* **EXERCISE REQUIREMENTS**:
Copy out exactly, and only, the lines from the one containing "Burlington County 8." through the end of the entries. No pictures.
(SUPPLIED ENTRIES)
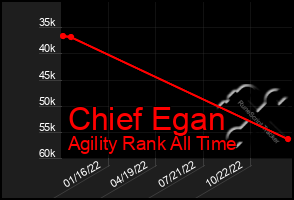 Total Graph of Chief Egan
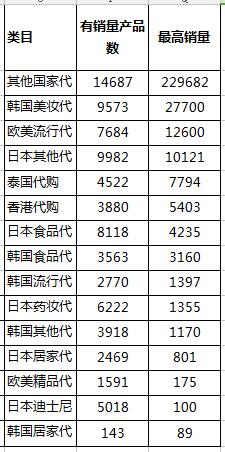 川贝枇杷膏促销方法,中国的川贝枇杷膏在美国卖到天价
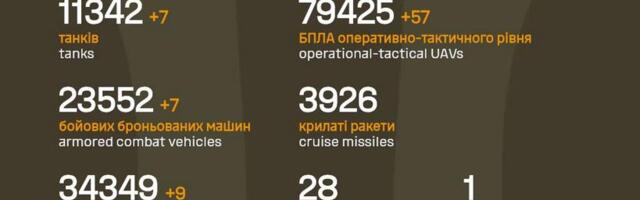 Sõja ülevaade: 1356. päev – sammhaaval vene pool edeneb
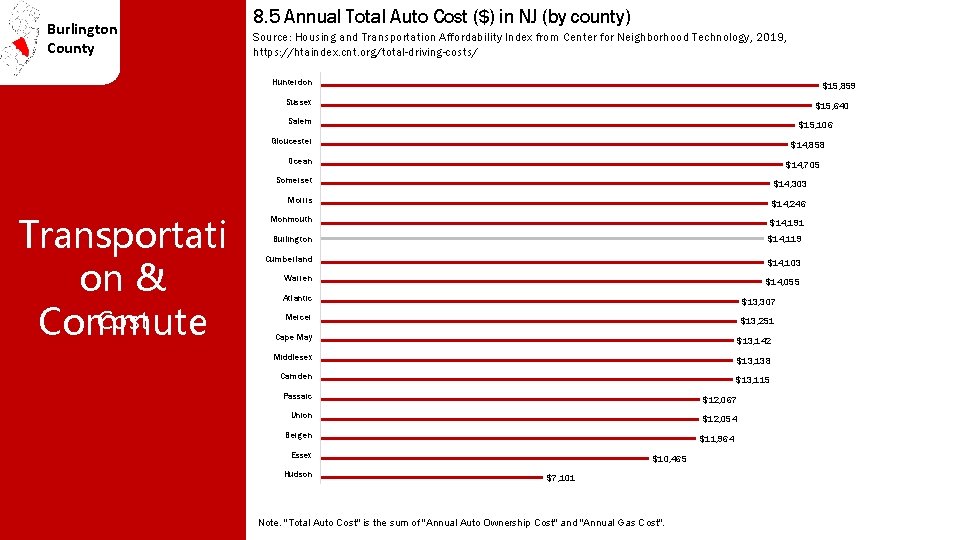 Burlington County 8. 5 Annual Total Auto Cost ($) in NJ (by county) Source:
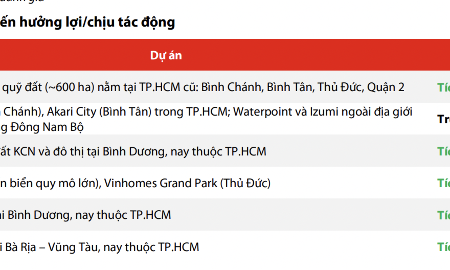 Hàng loạt doanh nghiệp bất động sản hưởng lợi rõ nét khi TP.HCM được trao nhiều thẩm quyền đất đai
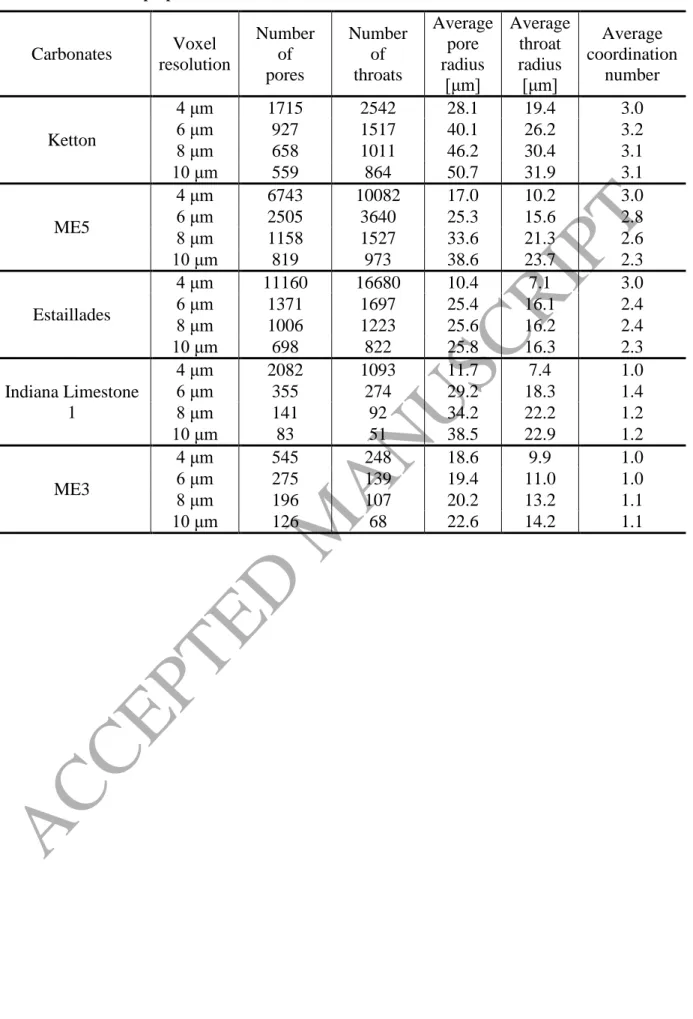Table 6 Pore network properties calculated as a function of scanned voxel resolution for carbonates 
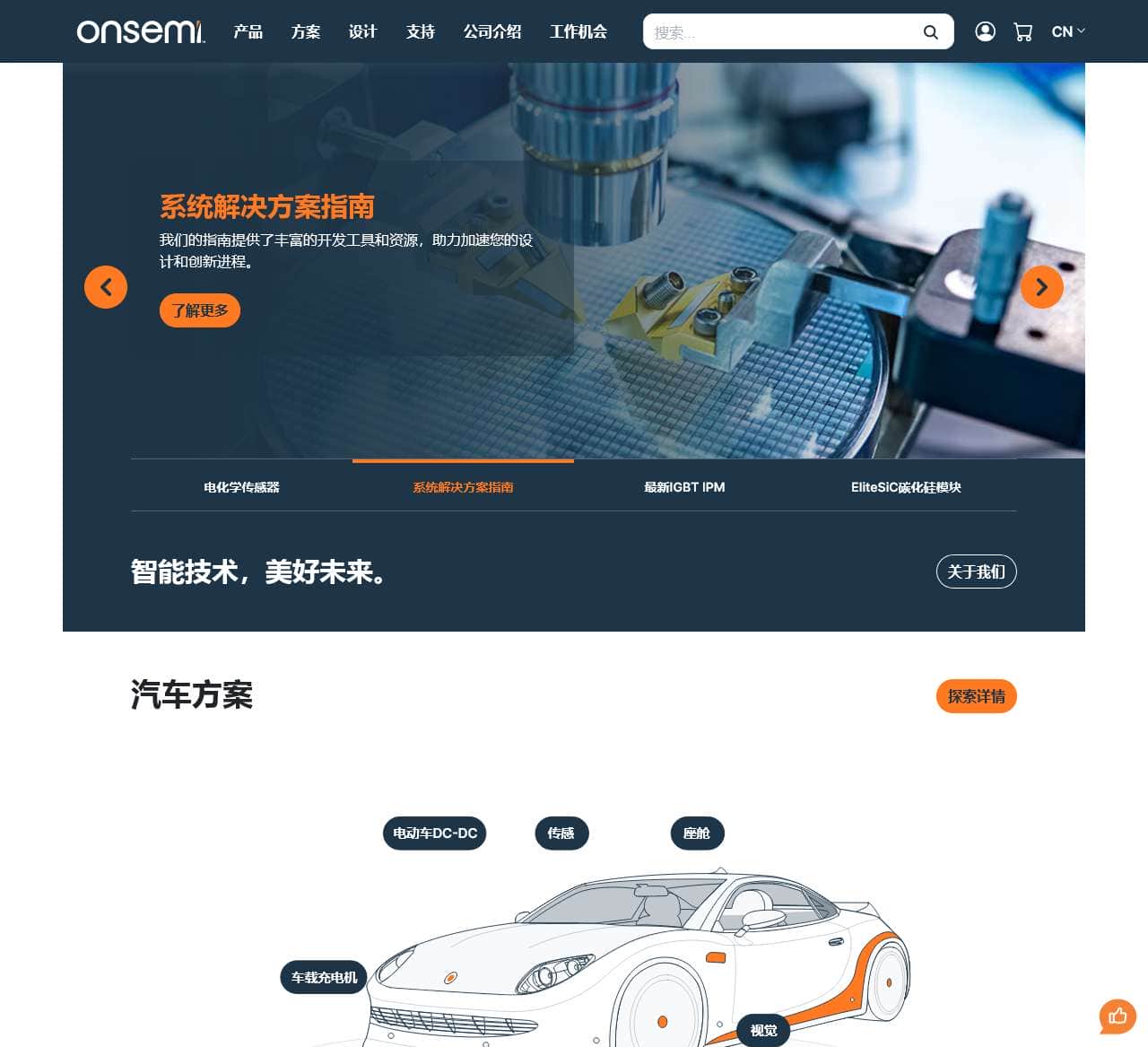 智能电源和感知技术I安森美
(End SUPPLIED ENTRIES)
* **TASK SOLUTION**:
 Burlington County 8. 5 Annual Total Auto Cost ($) in NJ (by county) Source:
 Hàng loạt doanh nghiệp bất động sản hưởng lợi rõ nét khi TP.HCM được trao nhiều thẩm quyền đất đai
Table 6 Pore network properties calculated as a function of scanned voxel resolution for carbonates 
 智能电源和感知技术I安森美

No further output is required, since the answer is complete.